Also novel is Kasey Mahaffy’s Bob Cratchit. The comic force behind ANW’s recent One Man, Two Guvnors, Mahaffy abjures the pale and abject characterization so typical of the role. His Cratchit is ruddy, robust and boldly Cockney, a tack that takes some getting used to but ultimately works beautifully.

While the adaptation is truthful to the original, certain characters depart markedly from it, most notably Riley Shanahan’s lean and youthful Fezziwig, a far cry from Dickens’s rotund and jovial creation. However, Shanahan, excellent as Marley’s Ghost and Old Joe, was obviously jobbed in for the role because there was simply no one of that particular vintage and heft in the cast, so it’s an understandable makeshift.

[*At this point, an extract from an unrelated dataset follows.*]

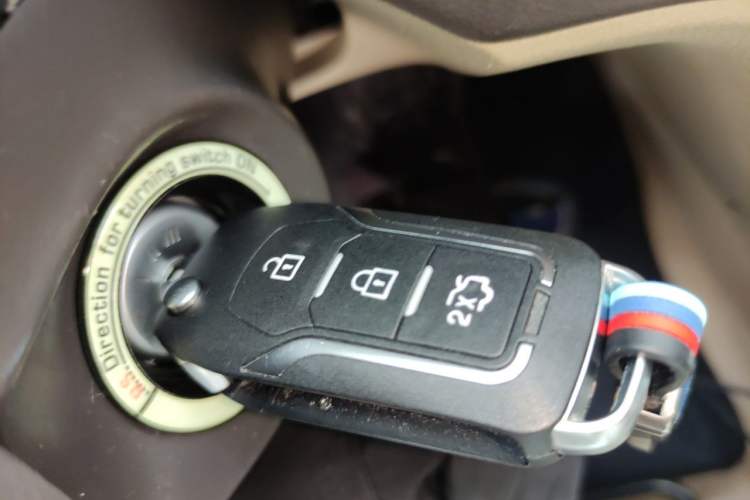 Used Ford Focus 2011 Hatchback 1.8L Automatic Fashion Edition Vehicle Key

Instead of Dickens’s luminous androgyne, The Ghost of Christmas is imaginatively personified as a twirling, tulle-clad ballerina in a top hat. Trisha Miller, who has played the role over several seasons, is once again a delight.

The Ghost of Christmas Present (Anthony Adu), the spirit of plenty who sits atop a mound of provender, is cleverly addressed by placing Adu atop a movable tower over which his Christmasy costume cascades. The intermission that comes in the middle of his scene seems a bit arbitrary — until we realize it provides the opportunity to plant the ghastly waifs of Ignorance and Want under his robes instead of keeping the child actors immured, claustrophobically, for longer.

The penultimate scene, in which Scrooge invites Cratchit to join him in a bowl of “smoking bishop” (instead of the substituting the words “hot punch” as in most adaptations) speaks to the literary rigor of this production. That tiny but telling detail is typical of this rigorously realized entertainment, which may well inspire you to honor Christmas — and Dickens — in your heart all the year long.

A Noise Within, 3352 East Foothill Blvd., Pasadena. Thurs.-Sat, 7 pm, Sat.-Sun., 2 pm, Tues.-Wed., Dec. 23-24, 2 pm, Tues., Dec. 23, 7 pm; thru Dec. 24. www.anoisewithin.org 1 hour and 50 minutes with an intermission.